Assignment: Transcribe only what runs from the line containing "Kacey Ainsworth as" through the final line below, exactly, and leave every picture out.
━━ The data
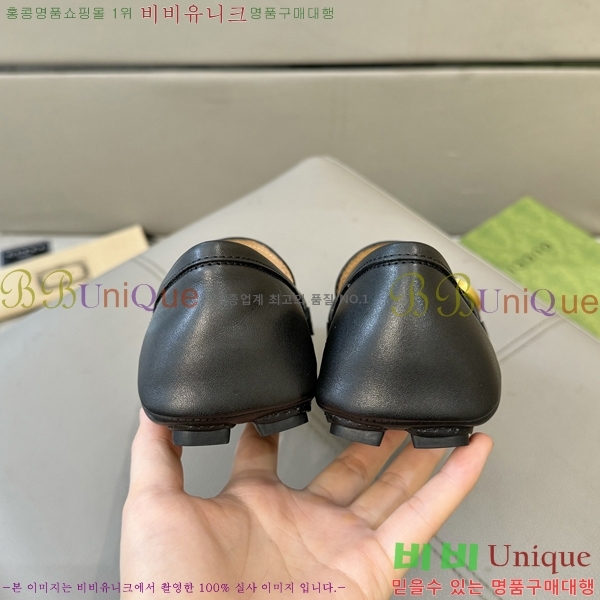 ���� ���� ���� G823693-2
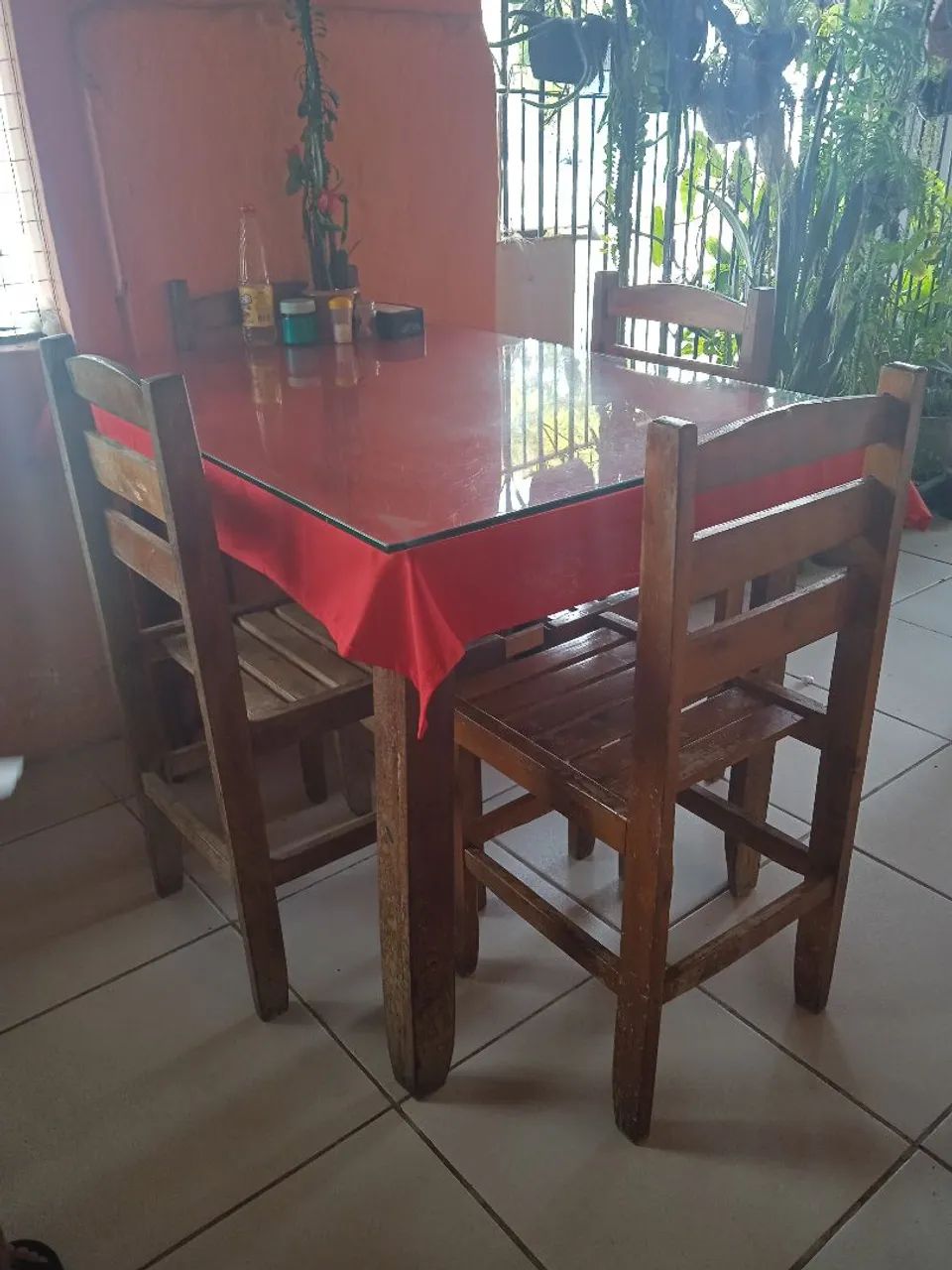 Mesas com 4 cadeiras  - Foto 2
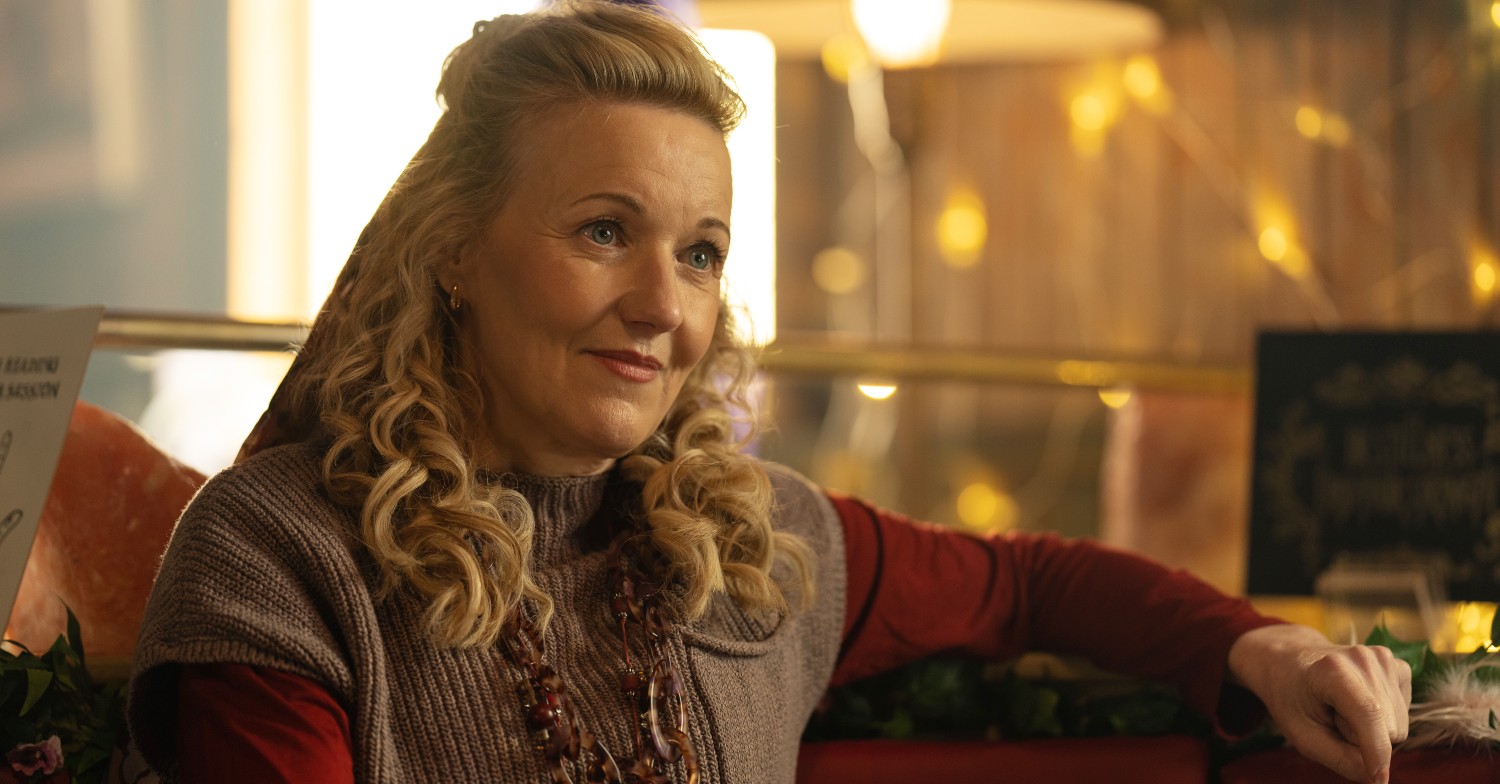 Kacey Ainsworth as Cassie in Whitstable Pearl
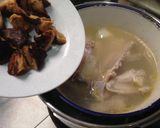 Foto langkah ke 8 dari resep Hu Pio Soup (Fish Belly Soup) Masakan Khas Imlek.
━━━━
Exercise result:
 Kacey Ainsworth as Cassie in Whitstable Pearl
 Foto langkah ke 8 dari resep Hu Pio Soup (Fish Belly Soup) Masakan Khas Imlek.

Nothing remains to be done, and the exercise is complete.